Your instructions: Write out the records that appear below, verbatim and complete, but without pictures.
(Beginning of Data supplied)
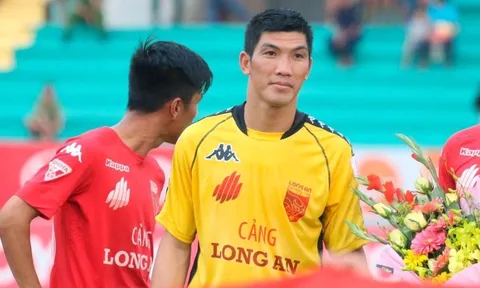 Long An đình chỉ và cắt lương thủ môn diễn trò lố ở V.League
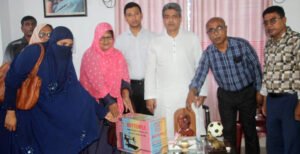 কুমারখালীতে বিনামূল্যে সেলাই মেশিন বিতরণ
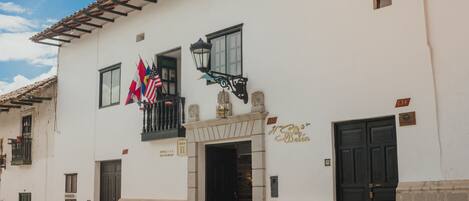 Vista frontal de la propiedad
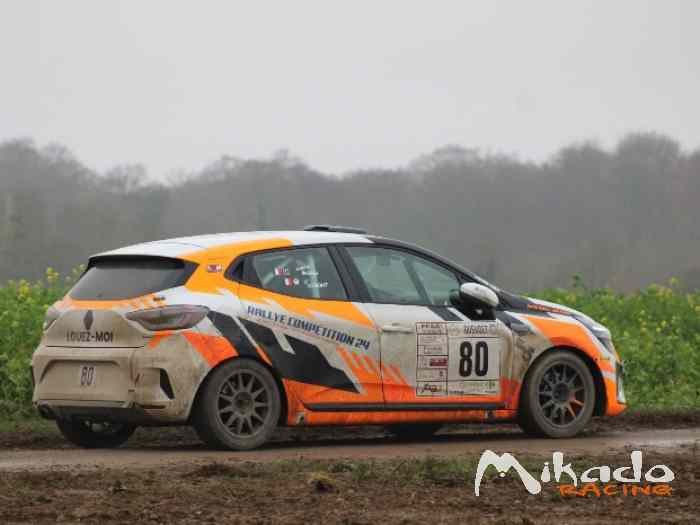 Louez une clio rc5 pour le rallye bonaguil 2026 2
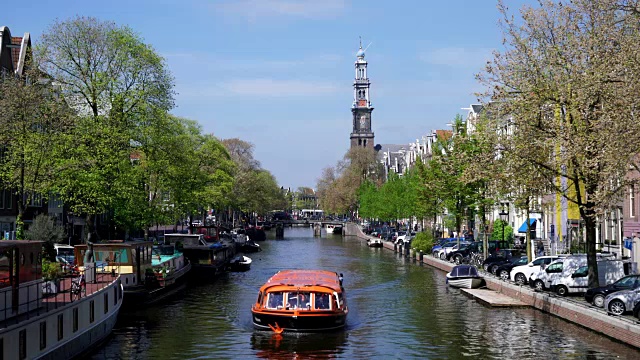 Prinsengracht Canal和Westerkerk，阿姆斯特丹，荷兰视频素材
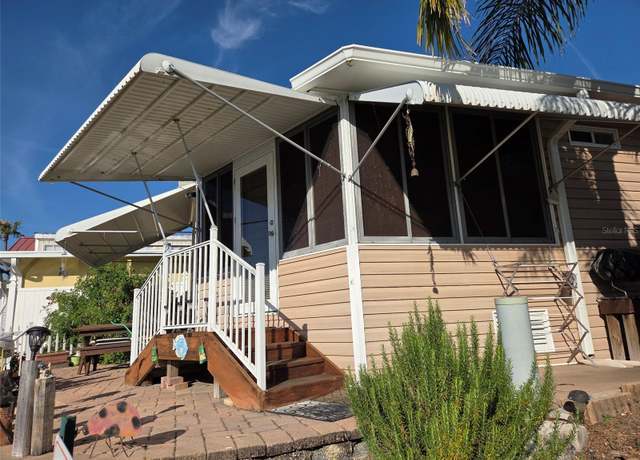 Property at 7950 State Road 78 W #83, Okeechobee, FL 34974, 1 bed, 1.5 baths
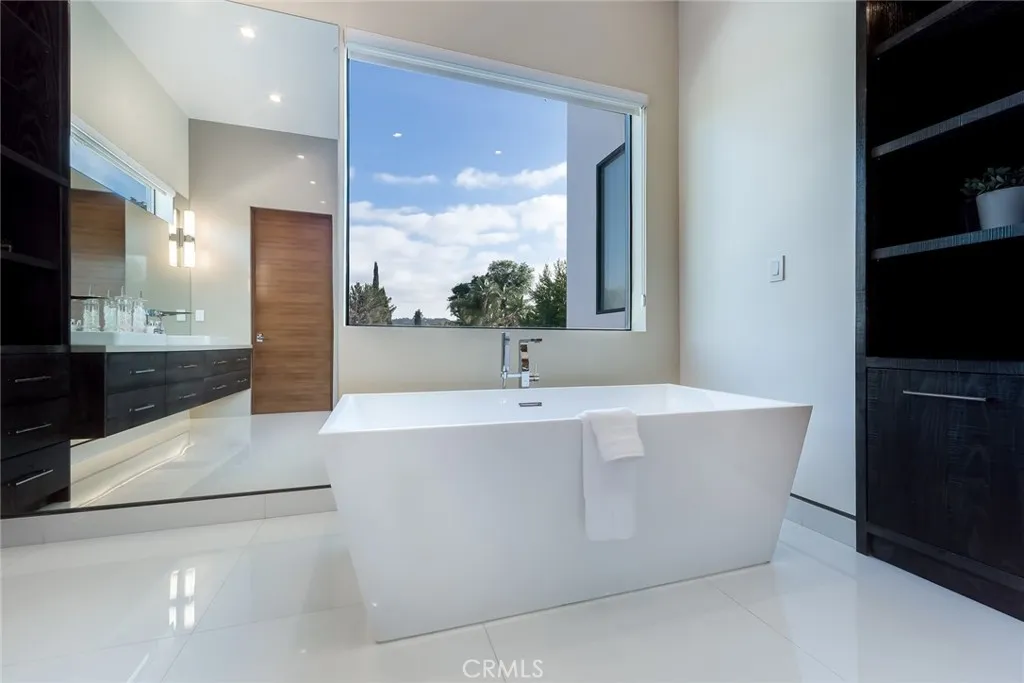 Studio City, California 91604, United States, 5 Bedrooms Bedrooms, ,6 BathroomsBathrooms,Residential,Active,224159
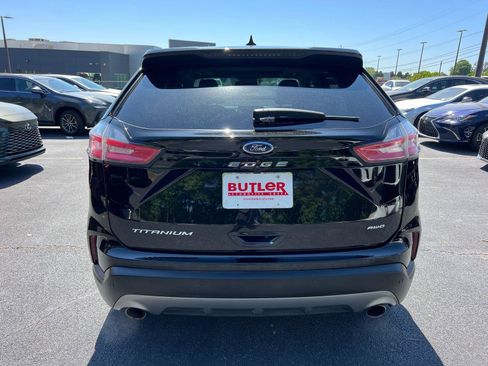 Used 2022 Ford Edge Titanium AWD/4WD image 7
(End of Data supplied)
Answer to this problem:
 Long An đình chỉ và cắt lương thủ môn diễn trò lố ở V.League
 কুমারখালীতে বিনামূল্যে সেলাই মেশিন বিতরণ
 Vista frontal de la propiedad
 Louez une clio rc5 pour le rallye bonaguil 2026 2
 Prinsengracht Canal和Westerkerk，阿姆斯特丹，荷兰视频素材
 Property at 7950 State Road 78 W #83, Okeechobee, FL 34974, 1 bed, 1.5 baths
 Studio City, California 91604, United States, 5 Bedrooms Bedrooms, ,6 BathroomsBathrooms,Residential,Active,224159
 Used 2022 Ford Edge Titanium AWD/4WD image 7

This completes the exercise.